Data to use section start
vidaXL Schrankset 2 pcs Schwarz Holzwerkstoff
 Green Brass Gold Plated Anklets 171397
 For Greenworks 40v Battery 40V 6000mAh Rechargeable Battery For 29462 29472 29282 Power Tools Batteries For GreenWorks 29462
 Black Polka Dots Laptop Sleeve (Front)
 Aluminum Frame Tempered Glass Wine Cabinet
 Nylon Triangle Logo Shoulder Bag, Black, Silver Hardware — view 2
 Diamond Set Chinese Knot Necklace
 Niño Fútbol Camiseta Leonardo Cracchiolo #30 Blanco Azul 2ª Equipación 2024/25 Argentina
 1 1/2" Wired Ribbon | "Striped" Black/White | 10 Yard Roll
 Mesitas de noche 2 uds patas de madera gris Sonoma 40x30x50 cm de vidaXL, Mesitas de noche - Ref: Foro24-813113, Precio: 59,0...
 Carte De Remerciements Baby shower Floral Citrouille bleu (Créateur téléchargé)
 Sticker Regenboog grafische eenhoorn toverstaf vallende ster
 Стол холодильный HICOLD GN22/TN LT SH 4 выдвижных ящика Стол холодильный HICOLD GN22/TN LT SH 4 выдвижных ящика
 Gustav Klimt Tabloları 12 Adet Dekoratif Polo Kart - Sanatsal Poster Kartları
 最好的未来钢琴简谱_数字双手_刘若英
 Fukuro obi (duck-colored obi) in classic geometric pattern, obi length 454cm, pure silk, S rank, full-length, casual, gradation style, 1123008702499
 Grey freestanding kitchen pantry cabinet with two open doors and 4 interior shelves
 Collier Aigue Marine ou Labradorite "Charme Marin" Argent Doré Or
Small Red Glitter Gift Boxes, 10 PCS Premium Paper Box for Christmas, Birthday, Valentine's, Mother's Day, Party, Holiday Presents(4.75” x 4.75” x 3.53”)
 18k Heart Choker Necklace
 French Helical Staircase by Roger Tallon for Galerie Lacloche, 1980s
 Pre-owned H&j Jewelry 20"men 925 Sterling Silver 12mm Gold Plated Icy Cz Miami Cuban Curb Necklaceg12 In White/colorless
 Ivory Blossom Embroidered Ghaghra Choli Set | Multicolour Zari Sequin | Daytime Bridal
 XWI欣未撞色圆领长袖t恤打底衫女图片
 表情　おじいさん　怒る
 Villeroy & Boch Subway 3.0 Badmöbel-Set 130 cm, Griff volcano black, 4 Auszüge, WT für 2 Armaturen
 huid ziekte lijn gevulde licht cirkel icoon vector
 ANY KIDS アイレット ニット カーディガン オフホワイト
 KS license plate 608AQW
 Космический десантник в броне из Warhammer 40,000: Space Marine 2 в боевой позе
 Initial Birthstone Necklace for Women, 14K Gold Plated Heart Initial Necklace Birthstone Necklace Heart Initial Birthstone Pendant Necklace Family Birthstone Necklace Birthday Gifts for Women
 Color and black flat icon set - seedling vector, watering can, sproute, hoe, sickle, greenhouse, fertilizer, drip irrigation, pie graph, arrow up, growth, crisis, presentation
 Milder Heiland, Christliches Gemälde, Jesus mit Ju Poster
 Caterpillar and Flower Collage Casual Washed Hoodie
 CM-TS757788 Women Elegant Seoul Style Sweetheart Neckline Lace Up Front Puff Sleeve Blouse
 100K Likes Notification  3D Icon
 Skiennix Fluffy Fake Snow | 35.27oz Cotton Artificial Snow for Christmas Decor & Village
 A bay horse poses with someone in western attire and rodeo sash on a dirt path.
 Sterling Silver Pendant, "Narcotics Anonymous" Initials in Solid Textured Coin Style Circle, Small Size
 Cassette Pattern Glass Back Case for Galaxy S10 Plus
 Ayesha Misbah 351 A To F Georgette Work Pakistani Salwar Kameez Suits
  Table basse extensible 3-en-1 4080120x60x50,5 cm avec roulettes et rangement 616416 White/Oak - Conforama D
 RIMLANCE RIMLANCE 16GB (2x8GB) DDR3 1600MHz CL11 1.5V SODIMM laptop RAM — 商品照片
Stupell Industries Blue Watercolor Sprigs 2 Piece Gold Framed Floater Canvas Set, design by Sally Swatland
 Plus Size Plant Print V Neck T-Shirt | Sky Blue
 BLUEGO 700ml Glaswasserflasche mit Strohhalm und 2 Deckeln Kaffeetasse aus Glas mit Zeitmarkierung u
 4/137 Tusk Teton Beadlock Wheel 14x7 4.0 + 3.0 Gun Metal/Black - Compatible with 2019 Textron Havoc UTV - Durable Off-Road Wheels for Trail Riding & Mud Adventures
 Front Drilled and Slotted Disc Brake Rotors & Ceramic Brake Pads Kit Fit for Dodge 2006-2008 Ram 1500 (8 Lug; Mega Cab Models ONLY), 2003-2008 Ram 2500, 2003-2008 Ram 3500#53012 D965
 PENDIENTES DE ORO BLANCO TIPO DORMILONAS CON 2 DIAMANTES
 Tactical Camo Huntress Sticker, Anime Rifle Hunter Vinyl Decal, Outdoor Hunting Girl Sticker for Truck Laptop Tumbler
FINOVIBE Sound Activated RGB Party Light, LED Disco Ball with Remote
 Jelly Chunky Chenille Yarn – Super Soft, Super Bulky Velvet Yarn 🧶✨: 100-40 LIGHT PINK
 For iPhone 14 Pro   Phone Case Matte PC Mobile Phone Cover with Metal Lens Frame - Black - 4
Data to use section end
Directions:
An exact reproduction of all the entries, complete to the last line, is needed.

Exercise response:
vidaXL Schrankset 2 pcs Schwarz Holzwerkstoff
 Green Brass Gold Plated Anklets 171397
 For Greenworks 40v Battery 40V 6000mAh Rechargeable Battery For 29462 29472 29282 Power Tools Batteries For GreenWorks 29462
 Black Polka Dots Laptop Sleeve (Front)
 Aluminum Frame Tempered Glass Wine Cabinet
 Nylon Triangle Logo Shoulder Bag, Black, Silver Hardware — view 2
 Diamond Set Chinese Knot Necklace
 Niño Fútbol Camiseta Leonardo Cracchiolo #30 Blanco Azul 2ª Equipación 2024/25 Argentina
 1 1/2" Wired Ribbon | "Striped" Black/White | 10 Yard Roll
 Mesitas de noche 2 uds patas de madera gris Sonoma 40x30x50 cm de vidaXL, Mesitas de noche - Ref: Foro24-813113, Precio: 59,0...
 Carte De Remerciements Baby shower Floral Citrouille bleu (Créateur téléchargé)
 Sticker Regenboog grafische eenhoorn toverstaf vallende ster
 Стол холодильный HICOLD GN22/TN LT SH 4 выдвижных ящика Стол холодильный HICOLD GN22/TN LT SH 4 выдвижных ящика
 Gustav Klimt Tabloları 12 Adet Dekoratif Polo Kart - Sanatsal Poster Kartları
 最好的未来钢琴简谱_数字双手_刘若英
 Fukuro obi (duck-colored obi) in classic geometric pattern, obi length 454cm, pure silk, S rank, full-length, casual, gradation style, 1123008702499
 Grey freestanding kitchen pantry cabinet with two open doors and 4 interior shelves
 Collier Aigue Marine ou Labradorite "Charme Marin" Argent Doré Or
Small Red Glitter Gift Boxes, 10 PCS Premium Paper Box for Christmas, Birthday, Valentine's, Mother's Day, Party, Holiday Presents(4.75” x 4.75” x 3.53”)
 18k Heart Choker Necklace
 French Helical Staircase by Roger Tallon for Galerie Lacloche, 1980s
 Pre-owned H&j Jewelry 20"men 925 Sterling Silver 12mm Gold Plated Icy Cz Miami Cuban Curb Necklaceg12 In White/colorless
 Ivory Blossom Embroidered Ghaghra Choli Set | Multicolour Zari Sequin | Daytime Bridal
 XWI欣未撞色圆领长袖t恤打底衫女图片
 表情　おじいさん　怒る
 Villeroy & Boch Subway 3.0 Badmöbel-Set 130 cm, Griff volcano black, 4 Auszüge, WT für 2 Armaturen
 huid ziekte lijn gevulde licht cirkel icoon vector
 ANY KIDS アイレット ニット カーディガン オフホワイト
 KS license plate 608AQW
 Космический десантник в броне из Warhammer 40,000: Space Marine 2 в боевой позе
 Initial Birthstone Necklace for Women, 14K Gold Plated Heart Initial Necklace Birthstone Necklace Heart Initial Birthstone Pendant Necklace Family Birthstone Necklace Birthday Gifts for Women
 Color and black flat icon set - seedling vector, watering can, sproute, hoe, sickle, greenhouse, fertilizer, drip irrigation, pie graph, arrow up, growth, crisis, presentation
 Milder Heiland, Christliches Gemälde, Jesus mit Ju Poster
 Caterpillar and Flower Collage Casual Washed Hoodie
 CM-TS757788 Women Elegant Seoul Style Sweetheart Neckline Lace Up Front Puff Sleeve Blouse
 100K Likes Notification  3D Icon
 Skiennix Fluffy Fake Snow | 35.27oz Cotton Artificial Snow for Christmas Decor & Village
 A bay horse poses with someone in western attire and rodeo sash on a dirt path.
 Sterling Silver Pendant, "Narcotics Anonymous" Initials in Solid Textured Coin Style Circle, Small Size
 Cassette Pattern Glass Back Case for Galaxy S10 Plus
 Ayesha Misbah 351 A To F Georgette Work Pakistani Salwar Kameez Suits
  Table basse extensible 3-en-1 4080120x60x50,5 cm avec roulettes et rangement 616416 White/Oak - Conforama D
 RIMLANCE RIMLANCE 16GB (2x8GB) DDR3 1600MHz CL11 1.5V SODIMM laptop RAM — 商品照片
Stupell Industries Blue Watercolor Sprigs 2 Piece Gold Framed Floater Canvas Set, design by Sally Swatland
 Plus Size Plant Print V Neck T-Shirt | Sky Blue
 BLUEGO 700ml Glaswasserflasche mit Strohhalm und 2 Deckeln Kaffeetasse aus Glas mit Zeitmarkierung u
 4/137 Tusk Teton Beadlock Wheel 14x7 4.0 + 3.0 Gun Metal/Black - Compatible with 2019 Textron Havoc UTV - Durable Off-Road Wheels for Trail Riding & Mud Adventures
 Front Drilled and Slotted Disc Brake Rotors & Ceramic Brake Pads Kit Fit for Dodge 2006-2008 Ram 1500 (8 Lug; Mega Cab Models ONLY), 2003-2008 Ram 2500, 2003-2008 Ram 3500#53012 D965
 PENDIENTES DE ORO BLANCO TIPO DORMILONAS CON 2 DIAMANTES
 Tactical Camo Huntress Sticker, Anime Rifle Hunter Vinyl Decal, Outdoor Hunting Girl Sticker for Truck Laptop Tumbler
FINOVIBE Sound Activated RGB Party Light, LED Disco Ball with Remote
 Jelly Chunky Chenille Yarn – Super Soft, Super Bulky Velvet Yarn 🧶✨: 100-40 LIGHT PINK
 For iPhone 14 Pro   Phone Case Matte PC Mobile Phone Cover with Metal Lens Frame - Black - 4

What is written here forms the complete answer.